Une popularité croissante

Les chiffres nous prouvent pourtant que luxe et e-commerce sont loin d’être incompatibles. Les achats d’articles de luxe sur Internet, qui s’élèvent environ à 9 milliards d’euros par an, ont été multipliés par dix en une décennie et connaissent une croissance trois fois plus forte que les transactions en boutiques. « D’ici à 2018, ils pèseront entre 18 et 22 milliards d’euros, soit 6 à 7% du marché », souligne David Klingbeil (H.12)), cofondateur du Dymant.com. Si la parfumerie, le prêt-à-porter et la maroquinerie mènent la danse, les produits les plus onéreux se vendent désormais également par le canal numérique. « L’e-commerce est une nécessité aujourd’hui, nos clients ne comprendraient pas qu’on les empêche d’acheter sur Internet », juge Antoine Lacroix, directeur digital du joailler Van Cleef & Arpels qui a inauguré son site d’e-commerce en 2012 aux Etats-Unis et au Japon, puis l’an dernier en Europe – il était l’invité de la deuxième Master Class « Luxe & Digital » organisée début juin (voir encadré). Jusque-là sceptiques, les marques Baccarat, Piaget, Cartier, et plus récemment Chanel et Jean-Paul Gaultier, ont toutes succombé à la tentation. Ces derniers mois, ce sont Guerlain, Dior et Puiforcat qui ont fait évoluer leurs sites pour permettre aux clients d’acheter directement leurs produits depuis leur ordinateur, leur tablette ou leur smartphone.

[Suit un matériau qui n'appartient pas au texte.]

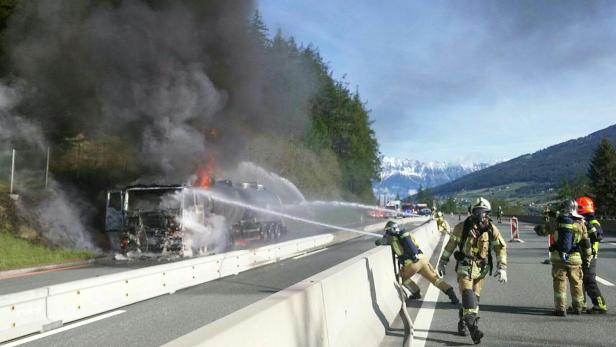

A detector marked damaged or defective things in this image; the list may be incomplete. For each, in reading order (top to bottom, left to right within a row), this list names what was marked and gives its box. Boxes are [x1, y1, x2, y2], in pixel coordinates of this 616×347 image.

charred truck frame [104, 181, 288, 256] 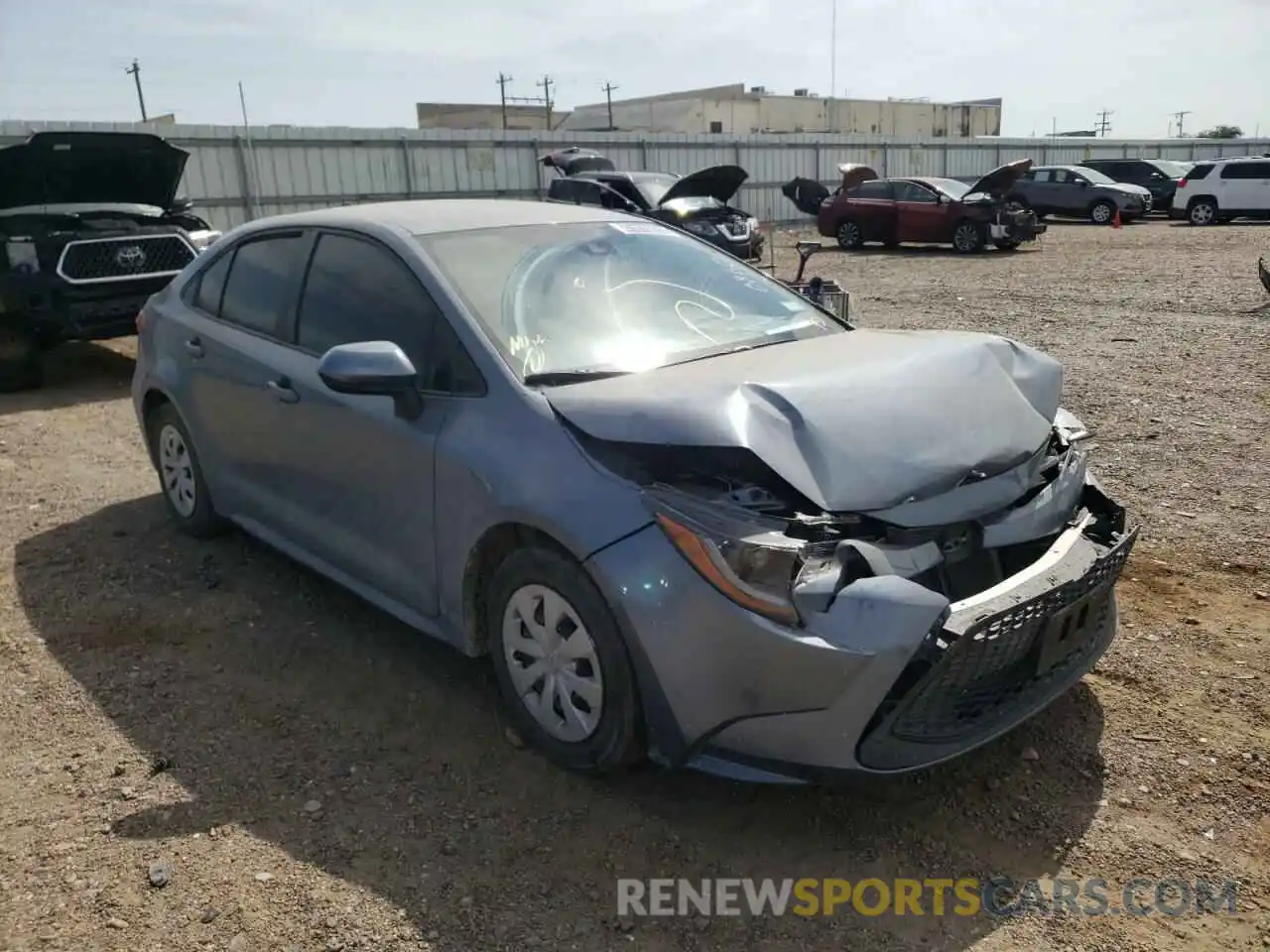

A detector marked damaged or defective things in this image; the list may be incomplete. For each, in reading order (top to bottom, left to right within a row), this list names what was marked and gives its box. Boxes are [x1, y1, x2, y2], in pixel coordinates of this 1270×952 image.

Autre signe qui ne trompe pas, le panier moyen ne cesse d’augmenter, d’autant que la catégorie des seniors, une clientèle de choix dans le luxe, est en pleine expansion. « Aux Etats-Unis, certaines transactions dans la joaillerie s’élèvent à plusieurs centaines de milliers d’euros ! », s’étonne William Porret (E12), directeur associé du cabinet ENORA Consulting et coauteur du livre blanc « Luxe 3.0 ».

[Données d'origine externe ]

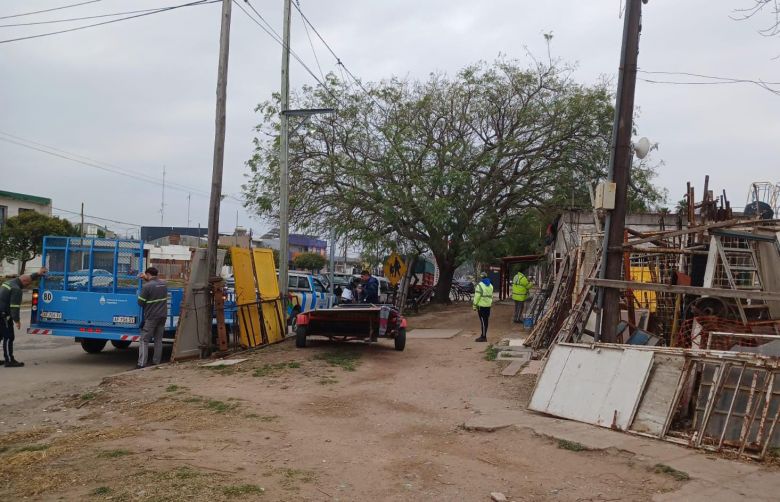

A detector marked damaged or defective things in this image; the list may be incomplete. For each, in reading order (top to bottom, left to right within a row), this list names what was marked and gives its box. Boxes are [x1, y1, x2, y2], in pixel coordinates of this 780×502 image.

Il faut dire que la technologie a évolué et offre désormais une esthétique de qualité, susceptible de convaincre les plus réfractaires. « L’excellence fait partie des valeurs fortes de Van Cleef & Arpels, et Internet ne pouvait pas déroger à la règle, témoigne Antoine Lacroix. Il a fallu lever des obstacles psychologiques en interne avant de lancer notre activité e-commerce. Sur Internet, toutes les marques sont à égalité. Certains de nos collaborateurs craignaient que cela affecte notre capital immatériel. » La marque a su mettre le site au même niveau d’exigence que ses boutiques en reproduisant les codes de la maison et en agrémentant les pages de nombreux articles qui racontent l’histoire de Van Cleef et les procédés de fabrication. La « salle d’inspiration » d’Hermès (lesailes.hermes.com/fr), riche en couleurs et en contenus créatifs, constitue un autre modèle du genre.